But I want to add another issue here, which is infrared light. Though shooting only BW (RAW converted), I am now always, always using IR filters. They dramatically reduce blown highlights as well as the thing you call "blobbing." When a highlight is also an infrared reflector (and/or, I think, an emitter) highlights and surrounding detail become much more problematic--both blocked and smeared. This is very apparent in foliage photographed with this camera. Tree leaves with shiny highlights and specular highlights can turn into a mess, not unlike your paving stones. I did a few tests on this to confirm what I thought I was seeing and the IR filter pulled maximum highlights on certain subjects down by 7-10 RGB points (e.g. 251 to 243) and provided obviously better clarity in these and immediately surrounding areas of the image.
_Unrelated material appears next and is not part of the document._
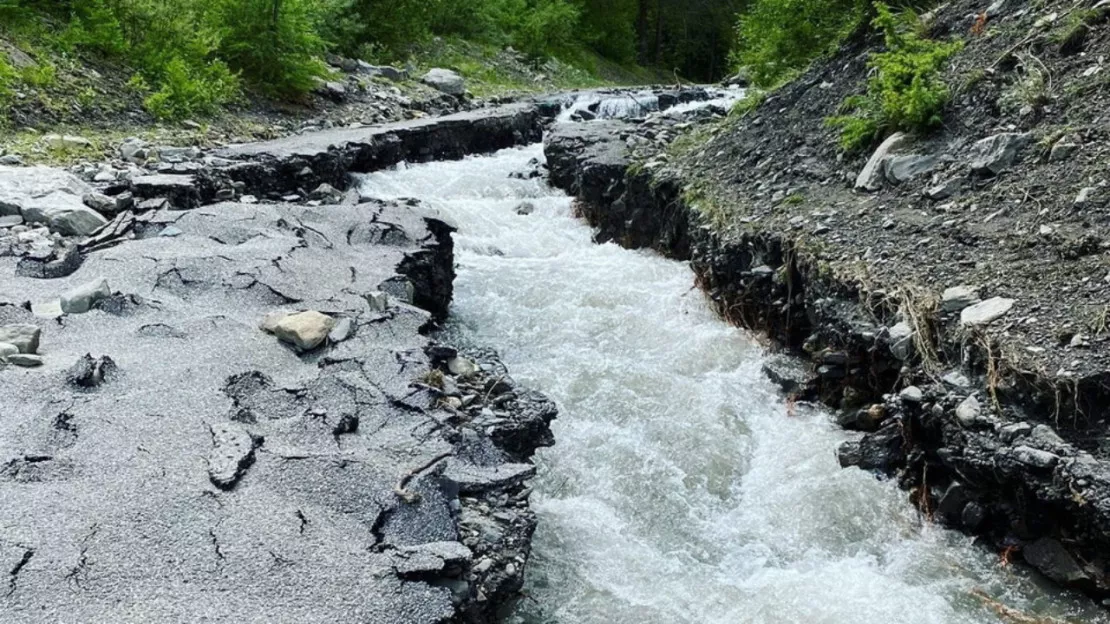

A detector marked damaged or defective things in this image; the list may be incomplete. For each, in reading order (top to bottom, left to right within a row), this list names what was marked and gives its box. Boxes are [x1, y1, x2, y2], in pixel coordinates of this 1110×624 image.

cracked asphalt slab [0, 192, 552, 617]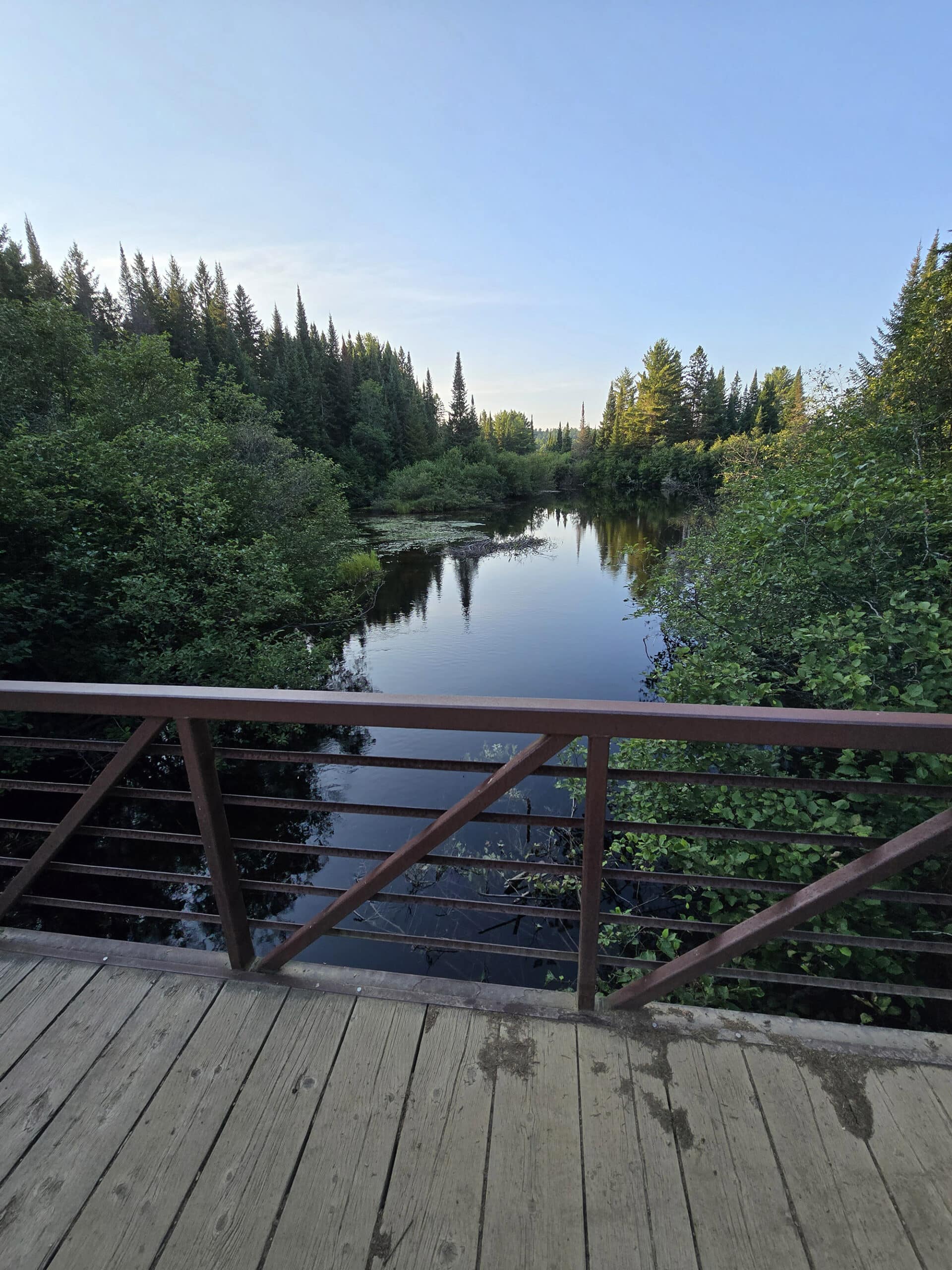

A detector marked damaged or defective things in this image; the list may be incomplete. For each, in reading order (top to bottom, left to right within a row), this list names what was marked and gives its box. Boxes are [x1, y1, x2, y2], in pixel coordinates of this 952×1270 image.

This difference is with in-camera metering. I guess the meter does not have the IR sensitivity of the sensor itself. And the meter certainly cannot compensate for IR "bleed" into surrounding areas.

 

Others have disagreed with the observation on IR in the past, but I am now convinced that IR is a problem with this camera well beyond the "purple problem." I am also aware that the IR sensitivity, unfiltered, can somewhat extend the dynamic range into the shadows. But, for me, this is a small benefit compared to what I have gained by using the filters.

 

Walt, I could not agree more. IR is insidious and the M8 is far too sensitive to IR for the issues it creates to be ignored. I have never understood the claims made by people on this site that for B/W one does not need an IR filter – my experience says otherwise.

 

The issues around foliage reproduction caused heated debate in the early days of the M8 with most claiming that IR filters were not a benefit. I clearly remember two pictures taken, I think, in Arizona one with an IR filter and one without. There was much discussion about the minute, but real, change in flesh tones and of course the purple jacket which changed to black – but – the massive change to the colour and definition of the foliage never got a mention. I guess one sees what one wants to see.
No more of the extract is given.